Rainy Day Links

I'm in the lab on a rainy Sunday. This week I was too busy to really blog.

Fortunately other people had interesting stories ...

Ed Brayton discusses an interesting (but flawed) OpEd in the Wall Street Journal on the misplaced support of Inteligent Design by NeoCons.

Speaking of ID, here's an OpEd in Friday's NY Times on evolution and ID in the classroom.

Although some think that nuclear energy was a bad idea, I think that it's the undeniable future of our powersupply. And it's green. The NY Times editorial staff seems to agree. WIRED as well:

Solar. Wind. Hydro. As replacements for fossil fuels, they're not enough. So countries are increasingly turning to nuclear energy for the clean power that the global economy demands, and now, 20 years after Chernobyl, there's a resurgence of nuclear plants. More than 400 reactors in 31 countries (104 in the US alone) provide 16 percent of the world's electricity. China expects to add 32 more facilities by 2020. Nuclear is cheaper than other energies, it doesn't need to be imported, and it doesn't come with emission taxes. Nonetheless, it remains controversial for all the obvious reasons: disposal of spent fuel rods, vulnerability to meltdown or arms proliferation - but even the US, which hasn't seen a new nuclear plant in a decade, is getting ready to build reactors in Mississippi and Alabama.

John Wilkins who may be joining ScienceBlogs, responds to Tom Wolff's ideotic proclamation in a piece in the NY Sun -

Evolution came to an end when the human beast developed speech!
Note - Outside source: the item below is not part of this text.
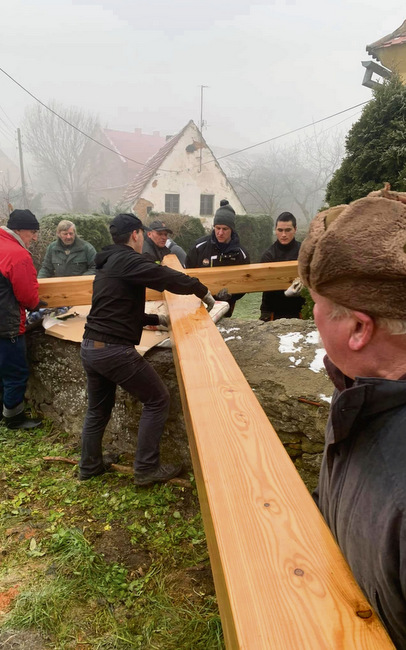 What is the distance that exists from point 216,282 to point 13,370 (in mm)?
2113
Yes and the second law of thermodynamics ended when your mother made your bed. Good grief.

Coturnix celebrates Richard Feinman's birthday.

Your project in one paragraph for a layman? Missprism tries.

Malcolm Gladwell, who is writing more and more on health care policy, looks at recent comparisons between the health of UK and US residents and adds a spin:

It's an interesting question for a number of reasons, but principally because the United States spends $5274 per person, per year, on health care and the United Kingdom spends $2164, or substantially less than half as much. The question is--what do we get, in terms of health, that for extra $3100 a year?

And finally from William Gibson's blog a short clip from 1946 that

measures how a society ranks on a spectrum stretching from democracy to despotism. Explains how societies and nations can be measured by the degree that power is concentrated and respect for the individual is restricted. Where does your community, state and nation stand on these scales?

(Is this why the Colbert speech wasn't reported in the media?)